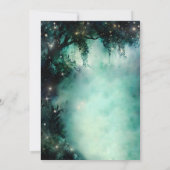 エンチャントフォレストフェアリーライトズプリンセスキンセアニェラ 招待状 (裏面)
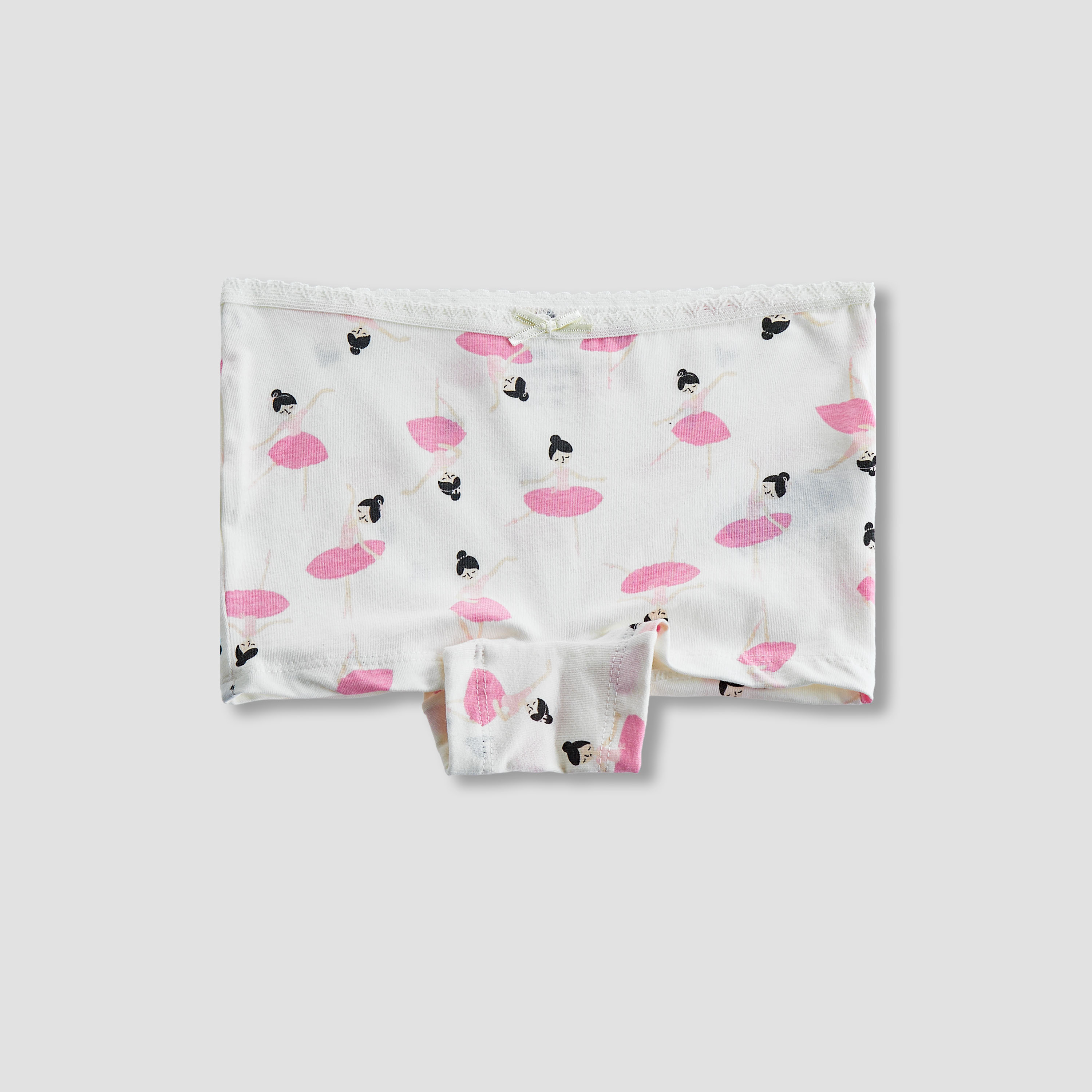 Pack of 5 Juniors Cotton Boyshorts with Ballerina Print-girls-clothing-innerwear-panties-image-5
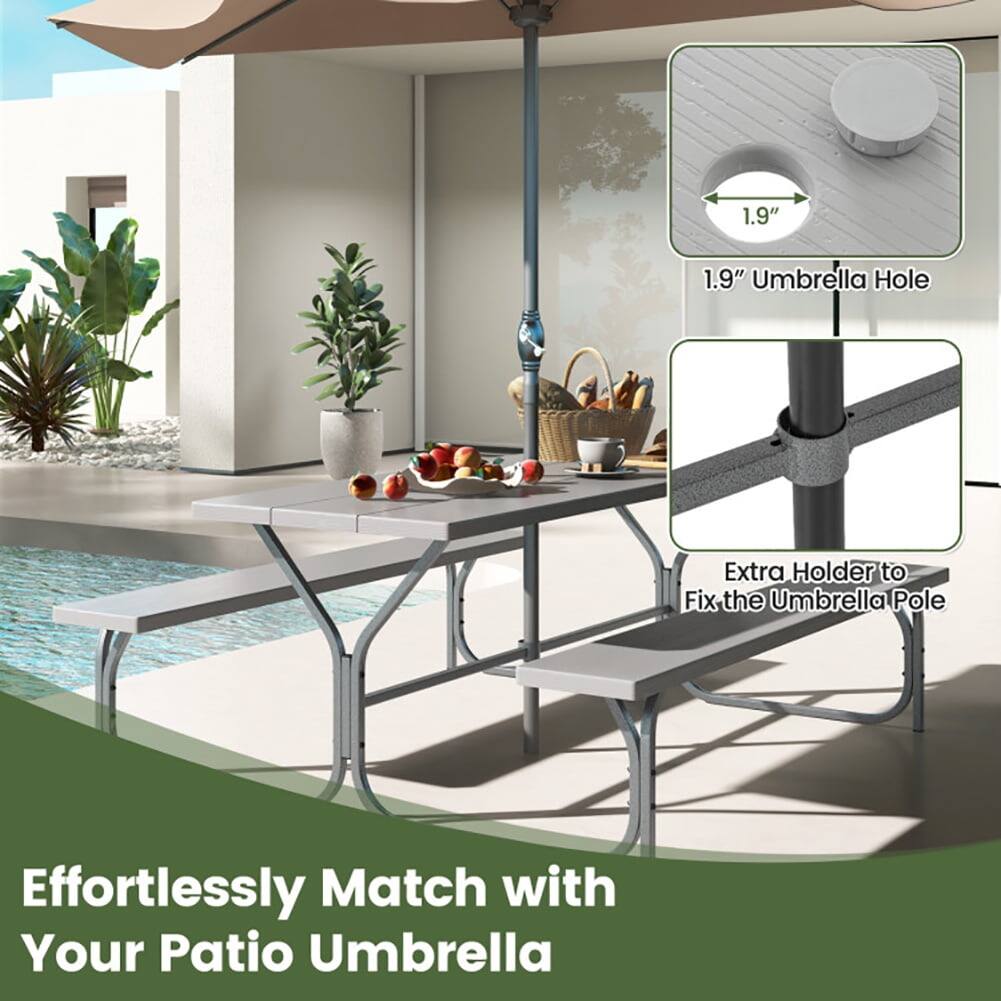 1.9" Umbrella Hole Extra Holder to Fix the Umbrella Pole Effortlessly Match with Your Patio Umbrella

WORK ITEM ▸ Could the listing above be transcribed exactly, with the pictures left out?

SOLUTION TO THE PROBLEM ▸
 エンチャントフォレストフェアリーライトズプリンセスキンセアニェラ 招待状 (裏面)
 Pack of 5 Juniors Cotton Boyshorts with Ballerina Print-girls-clothing-innerwear-panties-image-5
 1.9" Umbrella Hole Extra Holder to Fix the Umbrella Pole Effortlessly Match with Your Patio Umbrella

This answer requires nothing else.